In my past blogs, I have documented how the CDSCO and the Drugs Consultative Committee (DCC) have taken decisions that adversely affect public health and give the industry a free pass even in cases where there is clear evidence of the industry breaking the law. Leadership and integrity of the national health regulator is an important factor in how it responds to advancing science. When members of the industry intentionally produce and sell substandard drugs in the country, it is the responsibility of the national health regulator to prosecute them to the fullest extent of the law.
A recent example of the difference in approach between the national regulators of India and US was how the US FDA responded to the complexity of drug formulations and the rules governing bioequivalence. A few weeks ago, the US regulator released 38 new and revised guidance documents that address the challenges of how to assess therapeutic equivalency of generic drugs. Each document also contains information on what analytes should be measured, what dissolution test methods should be used and sampling times.
Issues with existing guidelines for conducting bioequivalence studies was first pointed out to the FDA by People’s pharmacy. They provided conclusive patient outcome data to the regulator about generic Wellbutrin which made the US FDA reconsider its guidelines for establishing therapeutic equivalence of generic drugs. The arguments supporting revision of existing guidelines were explained in this peer-reviewed paper. With mounting evidence, the US regulator initiated a process of reevaluating its approach to therapeutic equivalency of generic drugs and the result is a completely new approach. Earlier this year, the US FDA provided product-specific recommendations for 31 different active pharmaceutical ingredients (APIs) linked to new generic drugs and revised recommendations for 11 APIs. Included in the latest release are guidelines for Everolimus (Novartis’ blockbuster cancer and transplant treatment) and Viekria Pak (Abbvie’s Hepatitis C blockbuster). These drugs were approved in 2009 and 2014 respectively and have no generic equivalents in the market today. This shows that the agency is thinking ahead in providing guidance to the industry which may be working on development generic therapeutic equivalents for these drugs after they go off patent.
Compare this action to how the DCC issued guidelines to undermine therapeutic efficacy of generic drugs sold in India by giving the pharmaceutical industry a free pass when it comes to prosecuting manufacturers of substandard drugs. While the CDSCO guidelines for establishing bioequivalence mirror those that were followed by the US FDA until very recently, the DCC in its 47th meeting held in July 2014 proposed that bioequivalence studies for generic drugs be deemed optional for products sold in India under the guise that infrastructure to conduct those studies doesn’t exist in the country. We all know how many CROs exist in the country, so this argument is blatantly false. What is more ridiculous is that in the same breath, the DCC recommended that bioequivalence studies be conducted for the product made for export. This action clearly undermines the law of the land, the Drugs & Cosmetics Act. Actions such as these go the root cause of the dysfunction within the CDSCO and its function; this is a direct influence of the industry lobby exercising its influence over policy making at the expense of national health.
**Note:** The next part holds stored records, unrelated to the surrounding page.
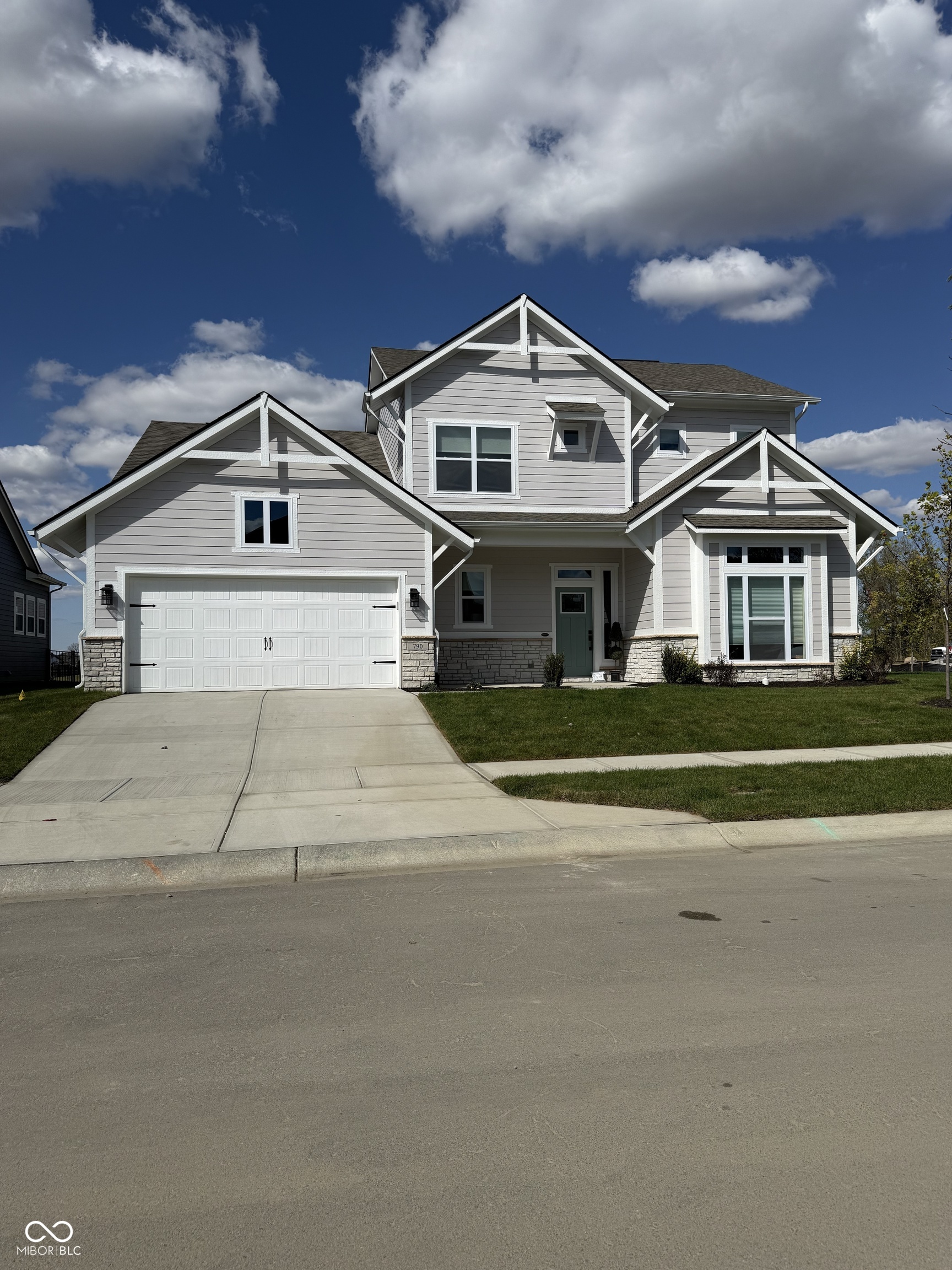 790 Robinson Farm Way Westfield IN 46074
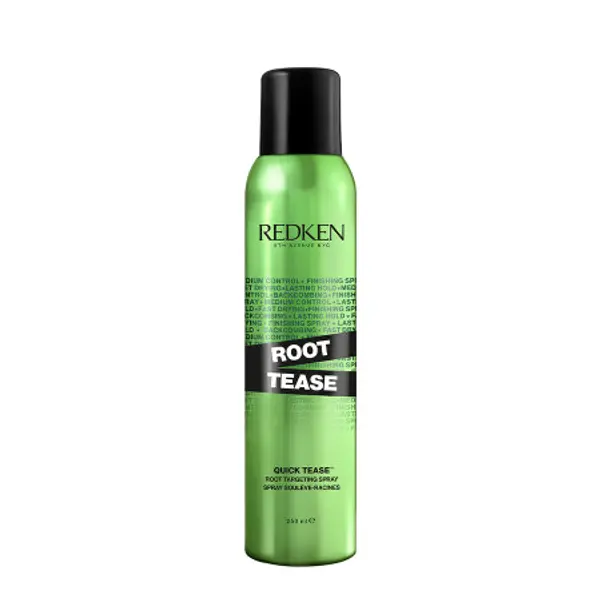 Redken NYC Redken NYC sprej za volumen kose - Root Tease Spray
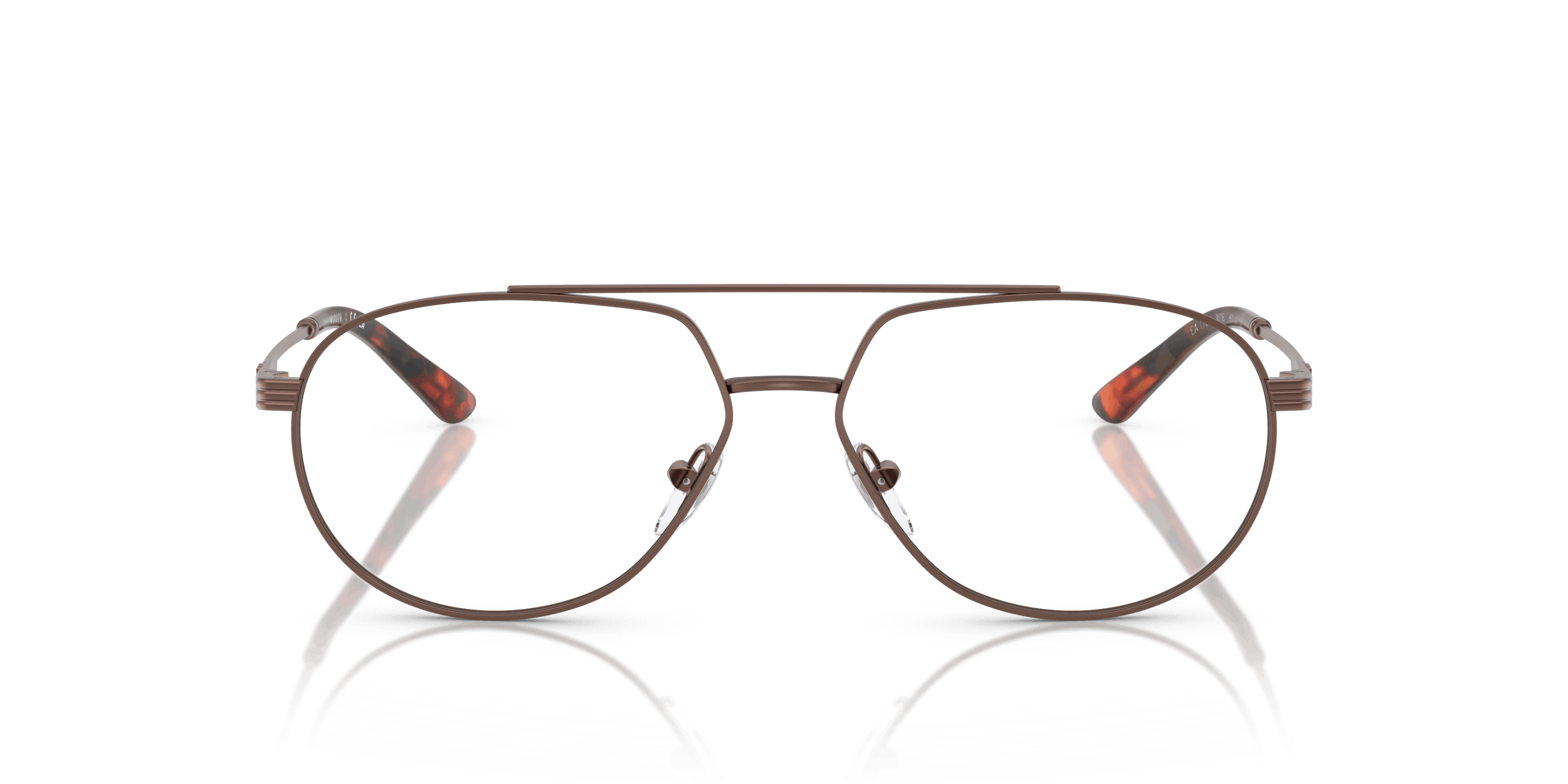 Front, Emporio Armani EA1165 3006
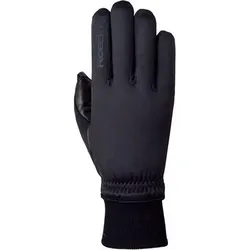 ROECKL SPORTS Windstopper / Prima Handschuh Kolon, Größe 11 in Schwarz 000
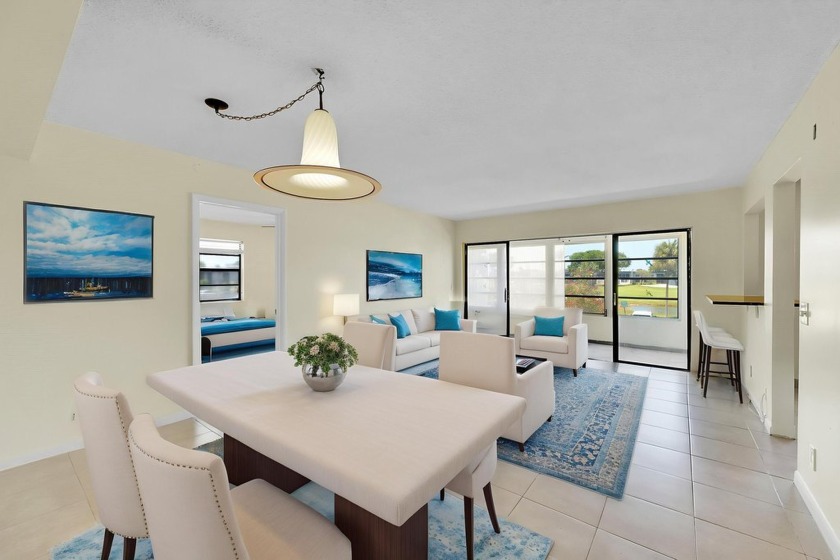 SELLER MOTIVATED-BRING REASONABLE OFFERS! Deluxe corner - Beach Condo for sale in Delray Beach, Florida on Beachhouse.com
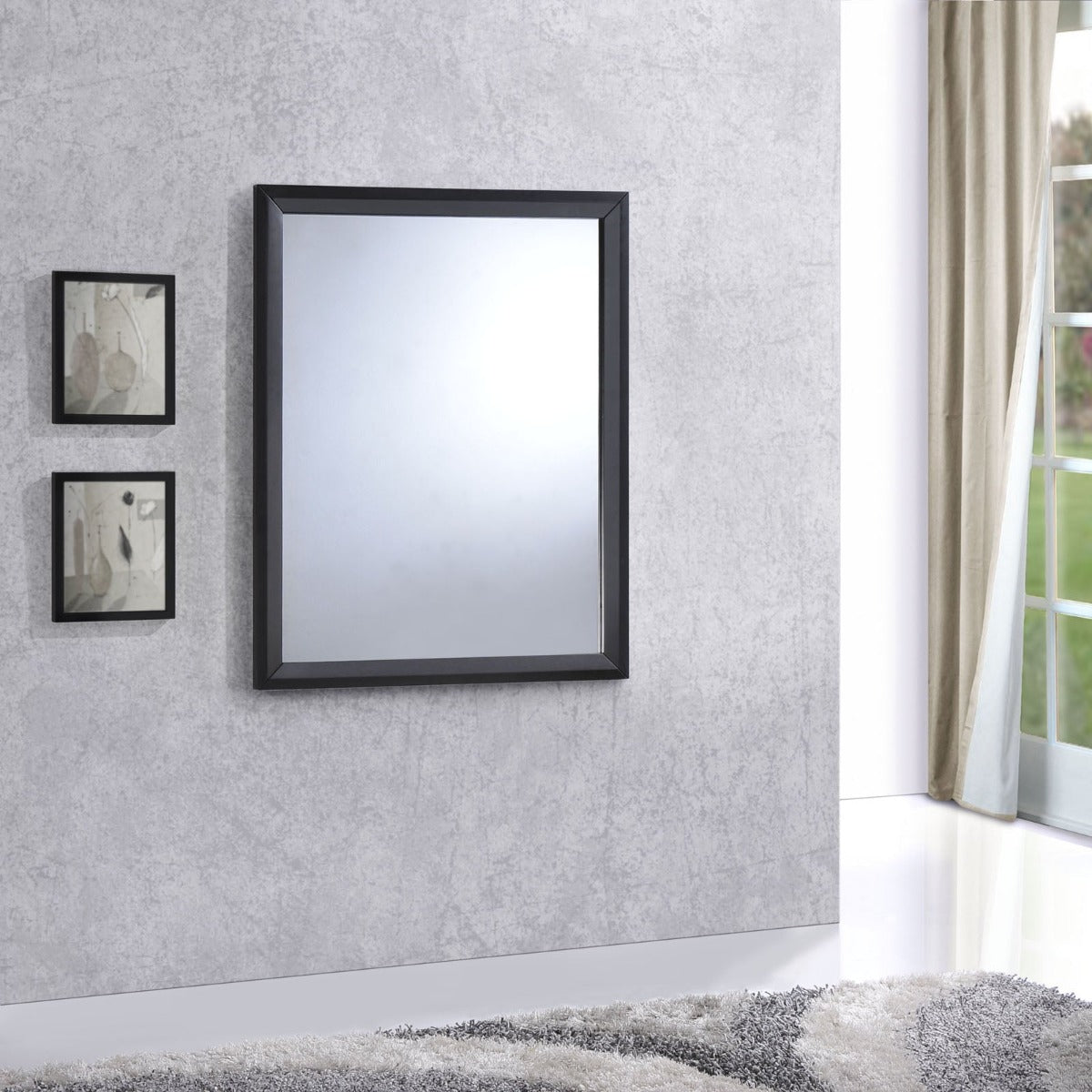 Modway Tracy Mirror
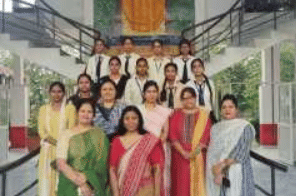 Gautam Buddha Degree College College Activity photo 13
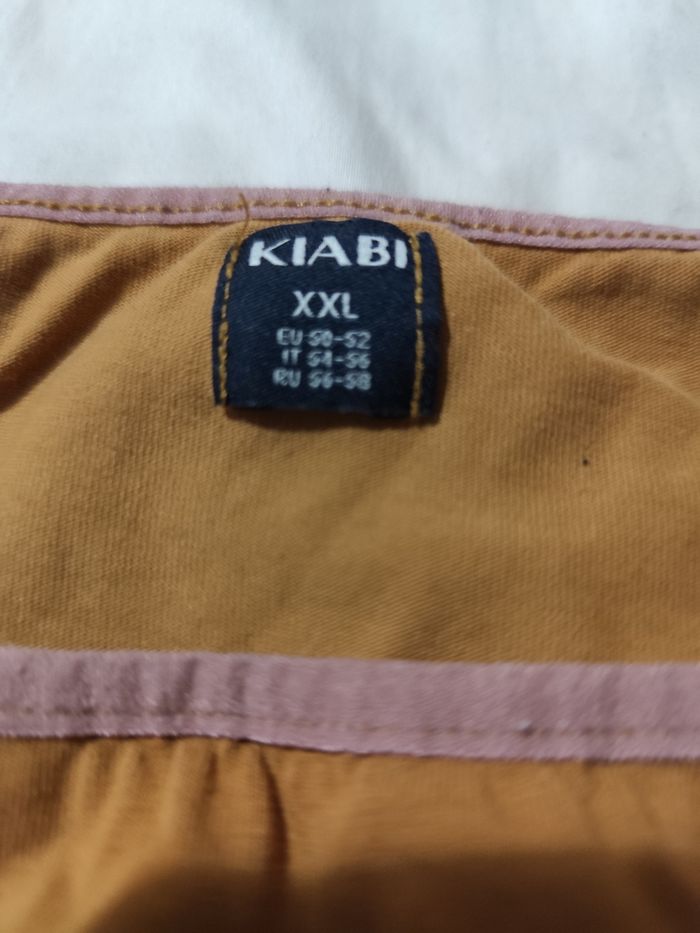 Débardeur allaitement - photo numéro 2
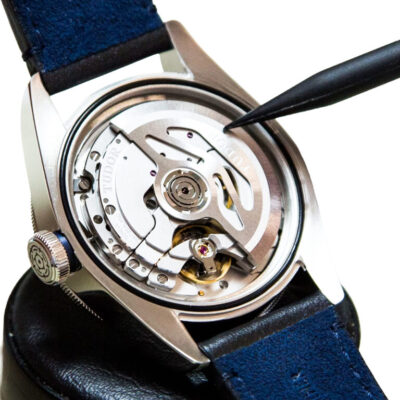 exclusieve horloge reparatie
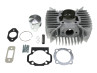 Cilinder 74cc Parmakit Puch Monza / Condor / Maxi, X30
This is the reason why, in addition to a new set of laws governing manufacture and distribution of drugs, India needs a fundamental change in leadership of the national regulator. As the Parliament Standing Committee said, leadership at the CDSCO is beholden more to the industry’s agenda and interests than the public health of the citizens of India. Unless we bring people with unimpeachable integrity to lead this organization, new laws and regulations will have limited effect on its function.